The president embraced his wife, Michelle, after the debate

The two took pains to fashion their arguments toward female voters, with the debate seeming at times directed entirely at them. Mr. Obama mentioned Mr. Romney’s vow to cut government funding for Planned Parenthood at least four times; Mr. Romney repeatedly mentioned that under Mr. Obama: “There are three and a half million more women living in poverty today than when the president took office. We don’t have to live like this.”

And Mr. Romney sought to broaden his appeal to women by softening his tone on reproductive issues, saying: “Every woman in America should have access to contraceptives.”

Emphasizing his record of diversity as governor based on his own recruiting, he said, “I brought us whole binders full of women.”

It is a bit of conventional wisdom that undecided voters seek comity in their leaders. There was none of that Tuesday.

At times the back and forth was personal in small ways. Having already invoked the 14 percent effective tax rate that Mr. Romney personally paid, Mr. Obama mentioned Mr. Romney’s investment in Chinese companies. Then Mr. Romney asked if Mr. Obama had looked at his own pension for its investments.

“I don’t look at my pension,” Mr. Obama said. “It’s not as big as yours.”

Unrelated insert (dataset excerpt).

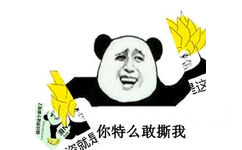 你特么敢撕我 - 滑稽表情引发的撕图战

Mitt and Ann Romney. The men made appeals to female voters

But at other moments the verbal sparring took on a deeper, emotional resonance, such as when Mr. Romney suggested that the administration was intentionally misleading in its shifting explanations for the attack on the American mission in Benghazi, Libya, that resulted in the deaths of the American ambassador, J. Christopher Stevens, and three other Americans there.

“The suggestion that anybody in my team, whether the secretary of state, our U.N. ambassador, anybody on my team would play politics or mislead when we’ve lost four of our own, Governor, is offensive,” Mr. Obama said, standing and looking intently at his opponent. “That’s not what we do. That’s not what I do as president.”

Mr. Obama had promised to be more aggressive in this debate

Mr. Obama noted that he had gone to the Rose Garden the day after the attack to say “this was an act of terror.”